Problem description —
Write the records below out in full, character for character, with no pictures.

(Data excerpts)
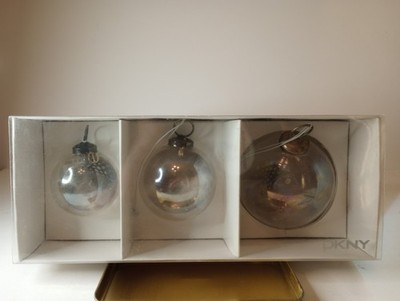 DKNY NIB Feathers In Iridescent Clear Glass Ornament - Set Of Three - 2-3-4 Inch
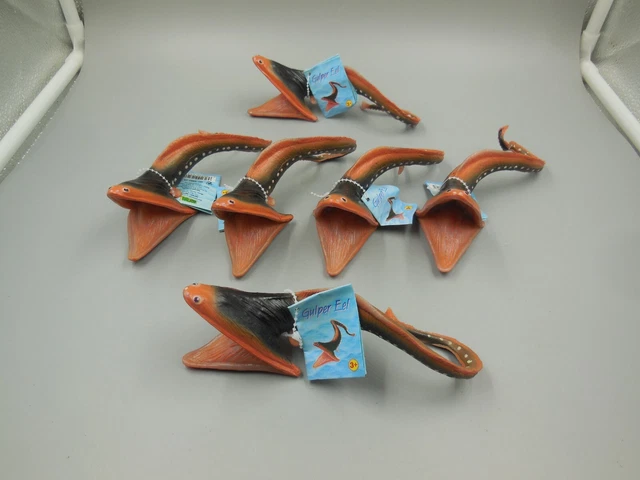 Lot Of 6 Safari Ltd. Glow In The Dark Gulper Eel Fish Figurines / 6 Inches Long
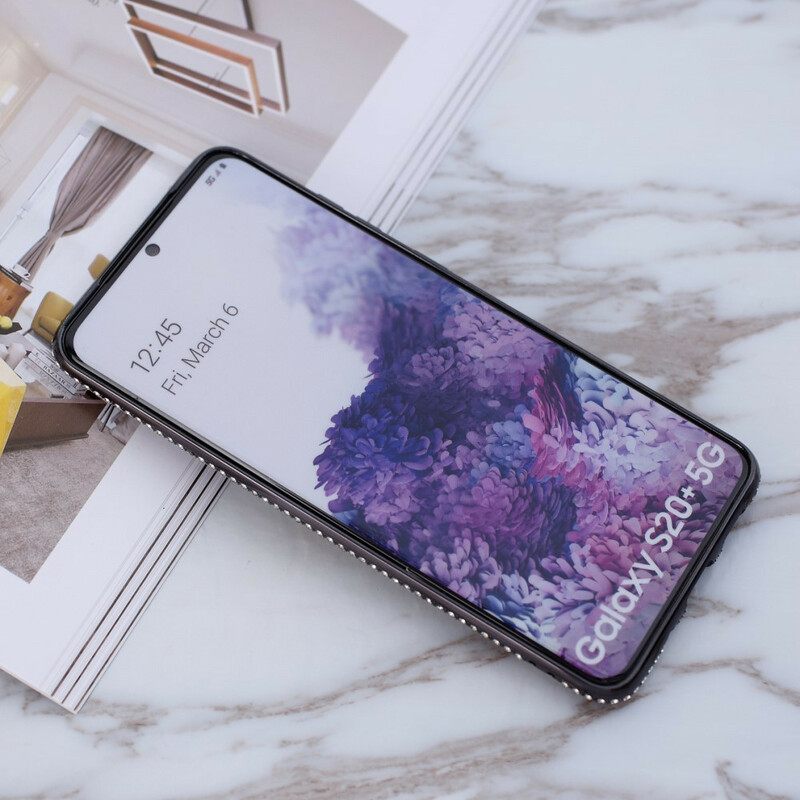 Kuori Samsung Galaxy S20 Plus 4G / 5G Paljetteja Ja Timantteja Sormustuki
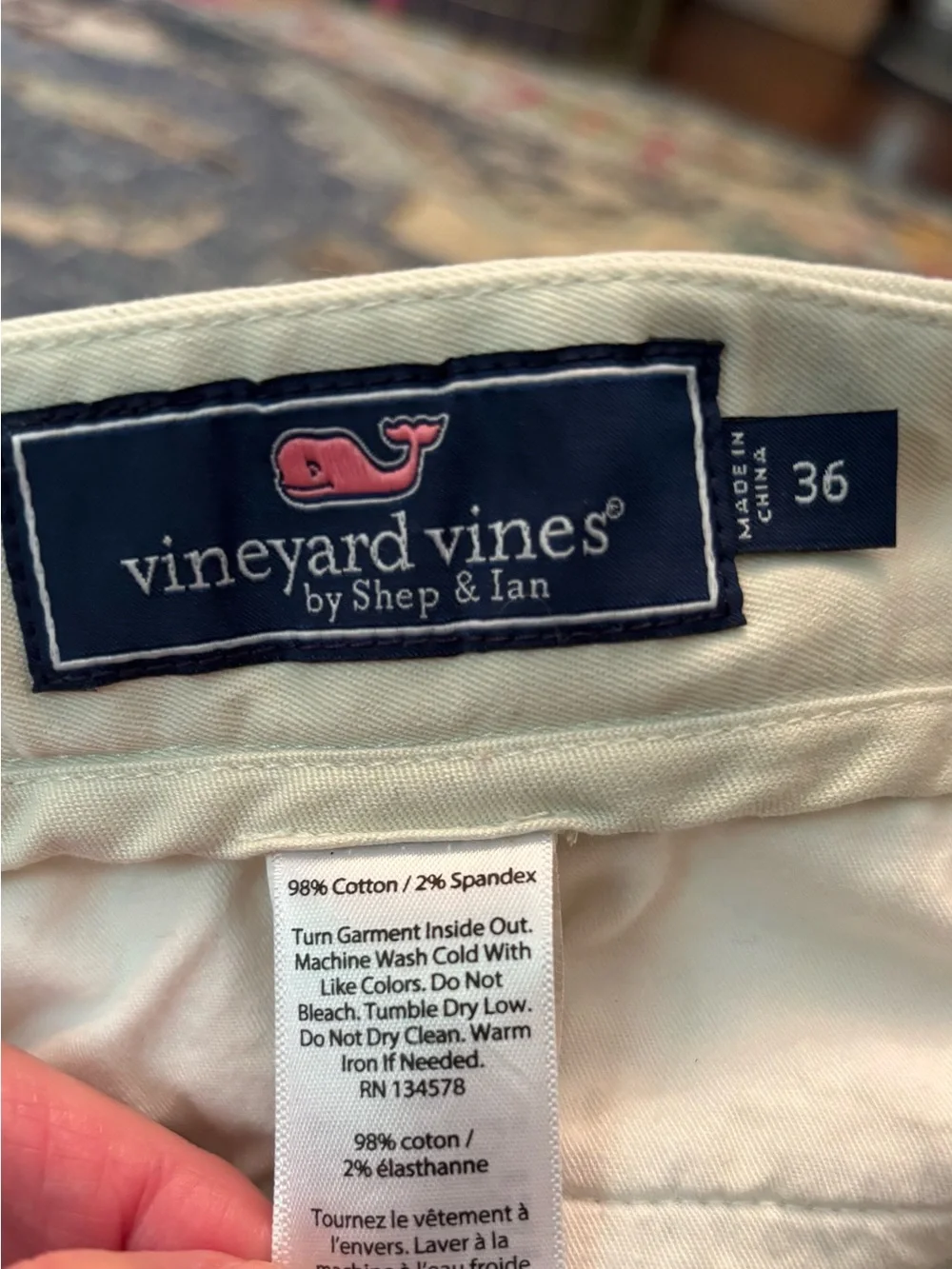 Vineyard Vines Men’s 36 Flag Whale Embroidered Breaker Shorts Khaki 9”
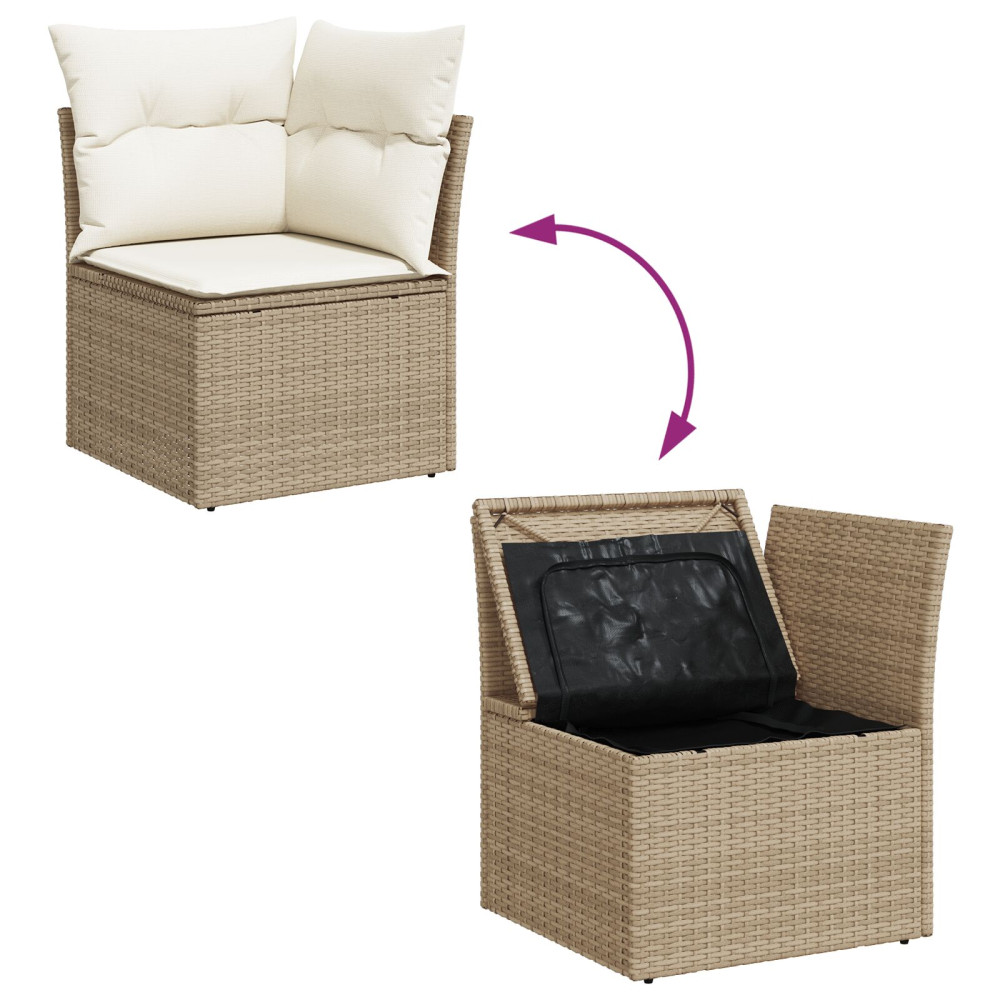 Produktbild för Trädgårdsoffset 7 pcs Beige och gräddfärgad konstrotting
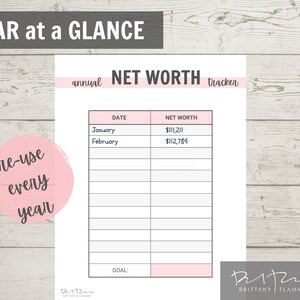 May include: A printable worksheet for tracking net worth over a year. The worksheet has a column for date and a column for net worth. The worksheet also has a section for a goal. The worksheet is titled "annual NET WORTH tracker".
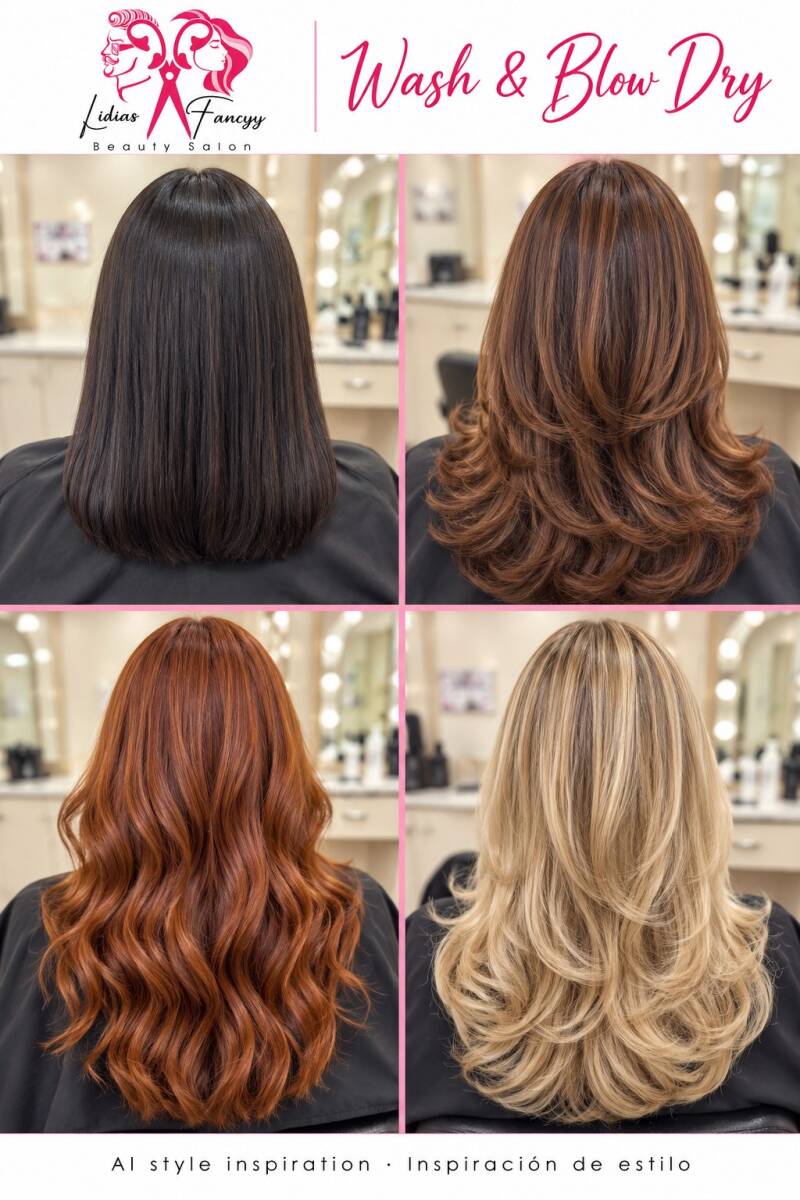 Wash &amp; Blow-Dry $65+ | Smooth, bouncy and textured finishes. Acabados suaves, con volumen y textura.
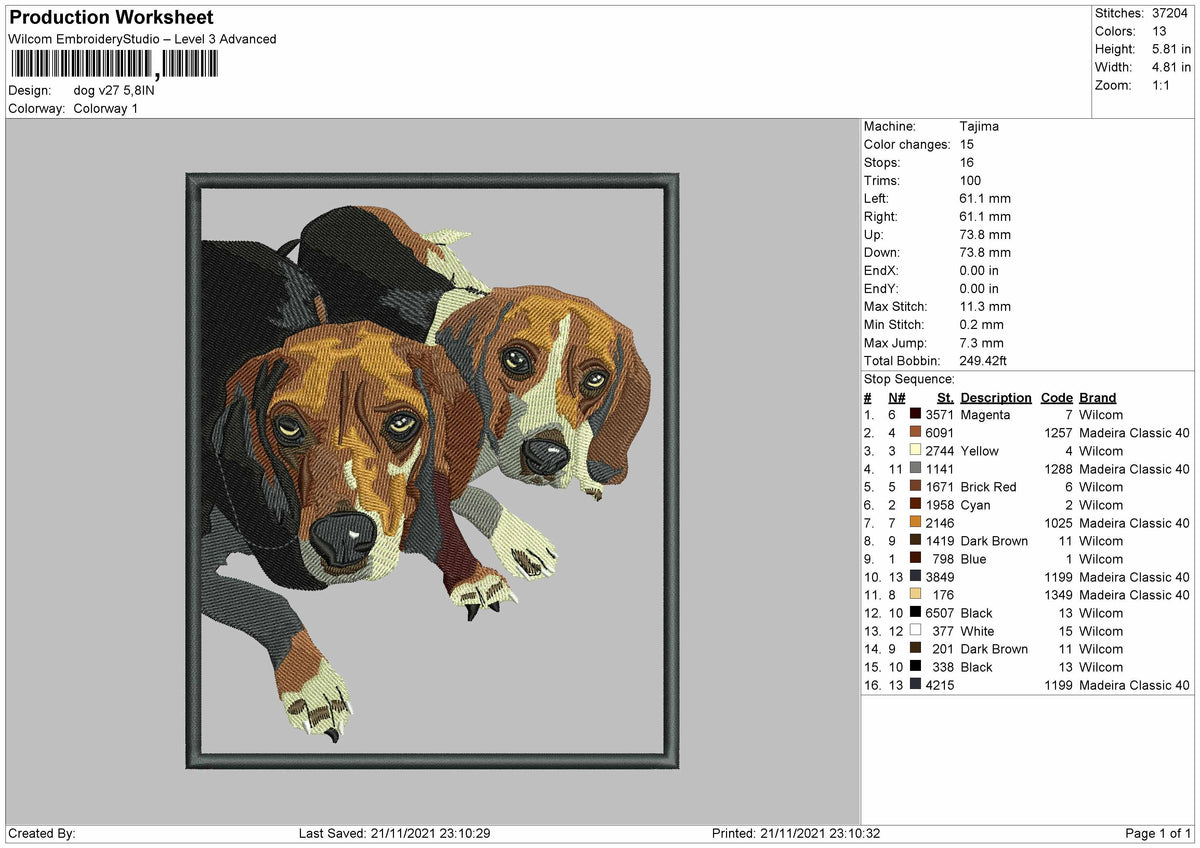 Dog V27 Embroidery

Answer section —
 DKNY NIB Feathers In Iridescent Clear Glass Ornament - Set Of Three - 2-3-4 Inch
 Lot Of 6 Safari Ltd. Glow In The Dark Gulper Eel Fish Figurines / 6 Inches Long
 Kuori Samsung Galaxy S20 Plus 4G / 5G Paljetteja Ja Timantteja Sormustuki
 Vineyard Vines Men’s 36 Flag Whale Embroidered Breaker Shorts Khaki 9”
 Produktbild för Trädgårdsoffset 7 pcs Beige och gräddfärgad konstrotting
 May include: A printable worksheet for tracking net worth over a year. The worksheet has a column for date and a column for net worth. The worksheet also has a section for a goal. The worksheet is titled "annual NET WORTH tracker".
 Wash &amp; Blow-Dry $65+ | Smooth, bouncy and textured finishes. Acabados suaves, con volumen y textura.
 Dog V27 Embroidery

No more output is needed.